The Republican, “Alt-Right” President, Donald J. Trump, and his recent tirades against judges and lawyers who dare to block his “in-your-face” political agenda possess deep historical roots. If the reshuffle of presidential portraits hanging in the oval office is any indication, a showdown between the executive and judicial branches will surely be upon us. A painting of the USA’s seventh president, Andrew Jackson, hangs in the president’s work space – a not so subtle Trump indicator that he intends to push the boundaries of current Constitutional practices.


Andrew Jackson’s portrait hangs in the Oval Office. Photo: Getty Images.

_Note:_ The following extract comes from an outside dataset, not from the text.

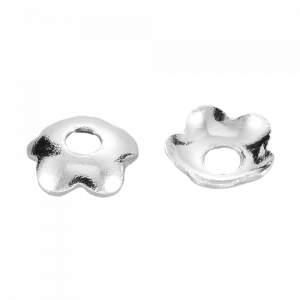 4mm Flower Bead Caps Small - Silver Plated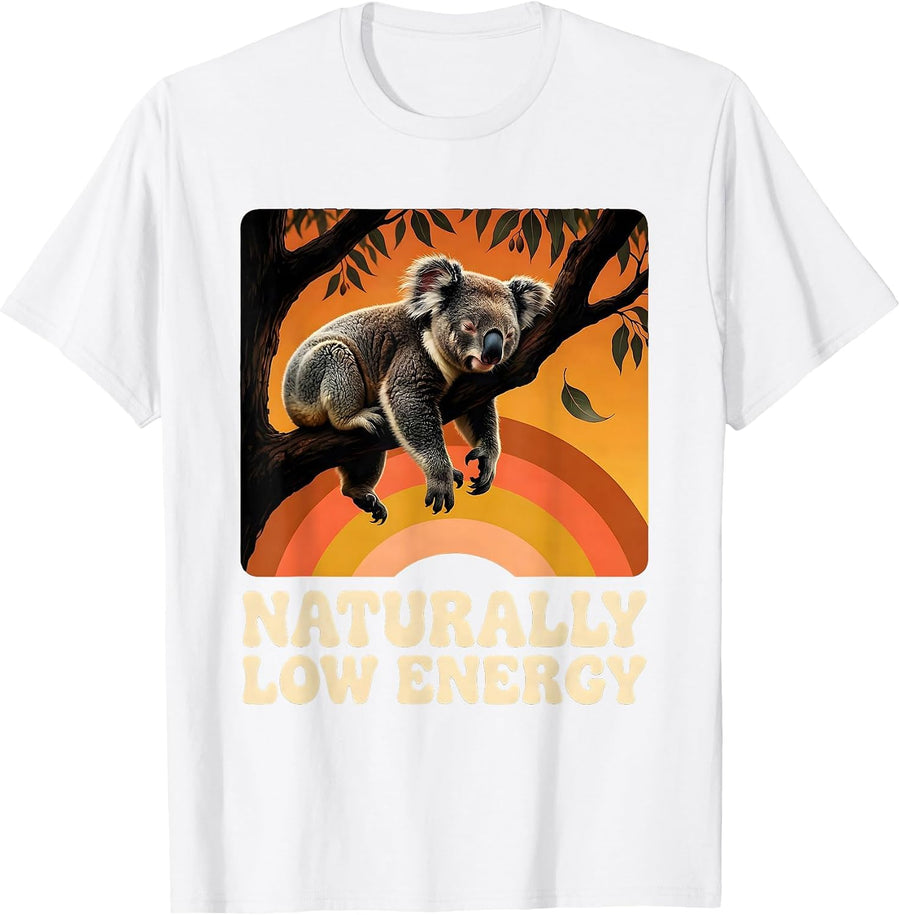Men's Naturally Low Energy Retro 70s Koala Lover Funny Animal T-Shirt - White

Jackson is famous for ignoring the Supreme Court’s decision of Worcester v. Georgia in 1832. It was Supreme Court Justice John Marshall who delivered the majority opinion that Georgia could not break federal treaties with sovereign nations, and that, indeed, the Cherokee Nation was sovereign. This was a blow to those who espied Cherokee land and resources (including rumors of gold).

Nonetheless, after hearing of the decision, Jackson allegedly quipped, “John Marshall has made his decision; now let him enforce it!” By 1836, Jackson ordered General John E. Wool to speed up Cherokee removal, asking the nation to “voluntarily” remove themselves with government assistance and provisions. It was Arthur Van Buren who, upon becoming president in 1838, gave the order to forcibly remove the Cherokee. General Winfield Scott and 7,000 federal troops obeyed.

But Jackson was not the only president to ignore decisions levied from the judicial branch. Abraham Lincoln defied the Taney court over habeas corpus suspensions.

These examples demonstrate that the cherished concept of checks and balances of the United States Constitution has its limits. Franklin D. Roosevelt famously fought against what he perceived as an overreaching and unresponsive court to the economic depression of the 1930s. Though Roosevelt attempted to alter the Court’s composition, his public popularity could not change the Court’s composition or structure.

Already, the executive and judicial are in a tight tango of contentious to and fro. Attorney General Salley Yates was unceremoniously fired with the president calling her a betrayer of the department. When federal judge James Robart halted the “Muslim ban”, Trump tweeted angrily calling Robart a “so-called judge” who was “ridiculous” in his decision.

Last time I checked, those are fighting words. We may not have too long a wait before the judicial and executives branches begin to openly spar. Meanwhile, Jackson hangs in the oval office.